Sandbox Isolation and the Docker Socket (DooD)
DeerFlow executes agent-generated shell/code through a configurable sandbox
(sandbox.use in config.yaml). The isolation guarantees differ by mode, and
one mode requires mounting the host Docker socket. Understand the trade-offs
before exposing an instance to untrusted input.
| Mode | config.yaml |
Host Docker socket | Isolation |
|---|---|---|---|
local (default) |
deerflow.sandbox.local:LocalSandboxProvider |
Not mounted | Commands run inside the gateway container on its filesystem. Not a strong boundary — allow_host_bash is false by default and should stay off for untrusted workloads. |
aio (pure DooD) |
deerflow.community.aio_sandbox:AioSandboxProvider (no provisioner_url) |
Mounted (opt-in overlay) | Sandbox containers are started via the host Docker daemon. |
provisioner (Kubernetes) |
AioSandboxProvider + provisioner_url |
Not mounted | Sandbox pods are created through the provisioner's K8s API over HTTP. Strongest isolation. |
The Docker socket is host root
Mounting /var/run/docker.sock into a container grants that container
root-equivalent control of the host: anything able to reach the socket can
start a new container that bind-mounts the host filesystem and escape. This
matters for DeerFlow because the gateway executes model-generated commands, so a
prompt injection or any in-container code-execution primitive could pivot to the
host through the socket.
To keep this off the default attack surface:
- The host Docker socket is not mounted by the default Compose stack. It is
added only for
aiomode through the opt-indocker/docker-compose.dood.yamloverlay, whichscripts/deploy.shandscripts/docker.shappend automatically whendetect_sandbox_mode()returnsaio. - Prefer provisioner/Kubernetes mode for multi-tenant or internet-exposed deployments — it isolates sandboxes without handing the gateway the host daemon.
- If you must use
aio/DooD, treat the host as part of the gateway's trust boundary: run it on a dedicated host, and consider a scoped Docker API proxy instead of the raw socket.
Note: the gateway bind-mounts
$HOME/.claudeand$HOME/.codex(read-only) for CLI auto-auth in all modes. These hold long-lived CLI credentials; scope or omit them when the gateway runs untrusted workloads.
CLI Credential Mounts (Claude Code / Codex)

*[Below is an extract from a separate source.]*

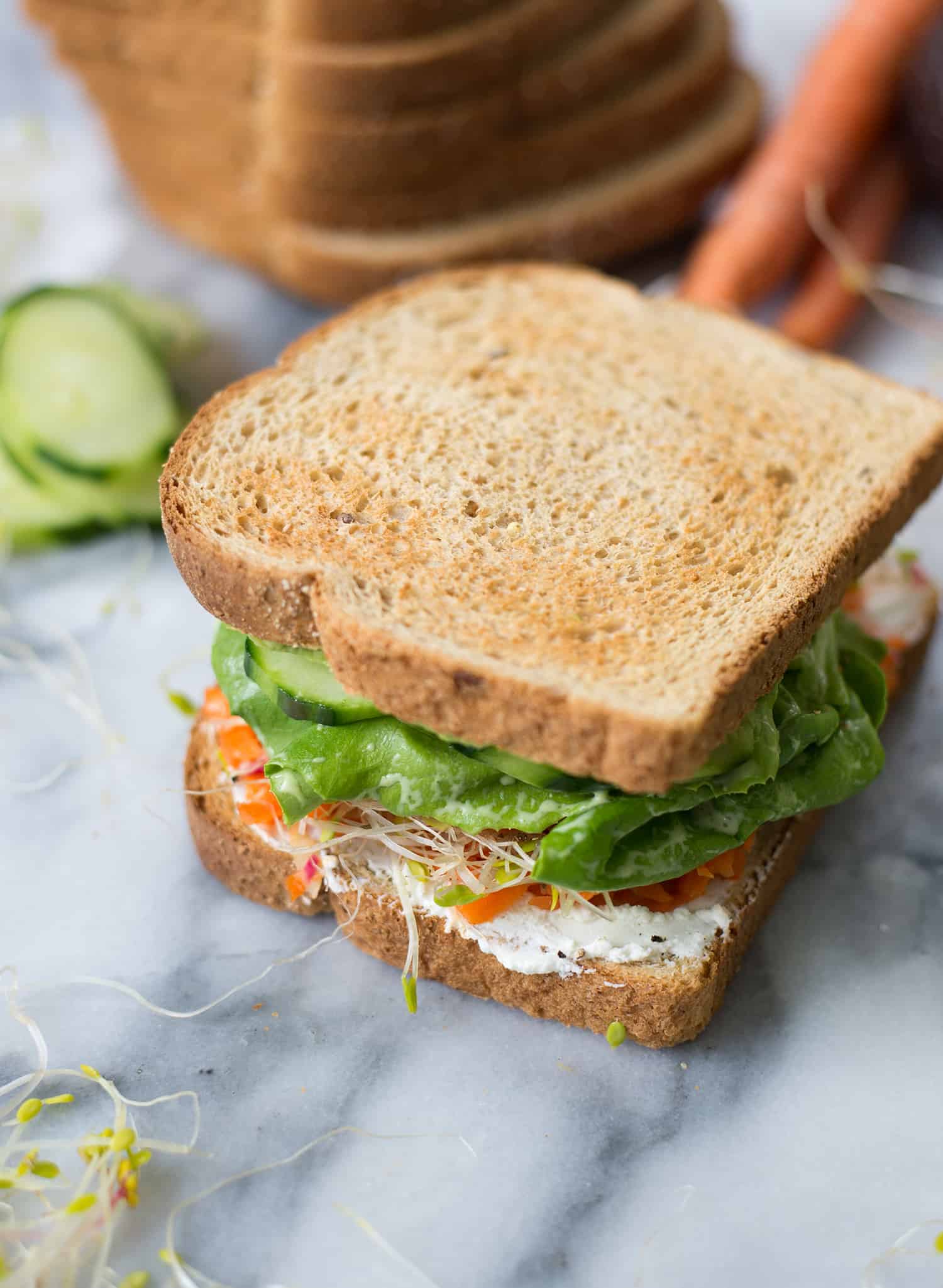 Green Goddess Veggie Sandwich! This Sandwich Is Layered With Flavor And Packed With Vegetables! Homemade Green-Goddess Dressing, Tomatoes, Sprouts, Avocado, Goat Cheese, Radish, Carrots. Vegetarian, Easily Vegan Or Gluten-Free. | Www.delishknowledge.com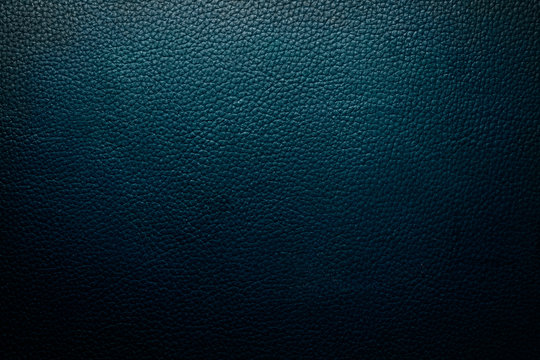 dark blue leather background or texture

DeerFlow can reuse your Claude Code / Codex CLI subscription login as a model
provider (ClaudeChatModel, the Codex provider) or for ACP agents that run the
CLI in-container. The Compose stack used to bind-mount the entire ~/.claude
and ~/.codex directories (read-only) into the gateway container in every
configuration — exposing not just credentials but full conversation history,
per-project session data, and global CLI config. A gateway compromise (prompt
injection, tool/MCP misuse, RCE) would leak all of it.
These directories are no longer mounted by default. Supply CLI credentials with the least exposure that fits your setup:
| Need | How | Exposure |
|---|---|---|
| Claude model provider | env CLAUDE_CODE_OAUTH_TOKEN / ANTHROPIC_AUTH_TOKEN (via .env), or CLAUDE_CODE_CREDENTIALS_PATH → a single mounted .credentials.json |
none / one file |
| Codex model provider | env CODEX_AUTH_PATH pointing at a single mounted auth.json |
one file |
| ACP agent | the adapter's own auth — many ACP adapters take an env API key (e.g. ANTHROPIC_API_KEY / OPENAI_API_KEY) and need no mount; use the opt-in docker/docker-compose.cli-auth.yaml overlay only if your adapter reads the full CLI config dir |
none / full dir |
The Gateway credential loader checks environment variables before the
default credential files, so the env-token paths need no bind mount at all. ACP
adapters authenticate independently of DeerFlow via their own documented env —
for example the common claude-code-acp adapter starts as
ANTHROPIC_API_KEY=… claude-code-acp and honors CLAUDE_CONFIG_DIR to redirect
its config directory, so it needs no ~/.claude mount at all. Prefer the
adapter's documented env auth, and reach for the
docker-compose.cli-auth.yaml overlay only as a fallback for an adapter that
genuinely reads the full CLI config directory.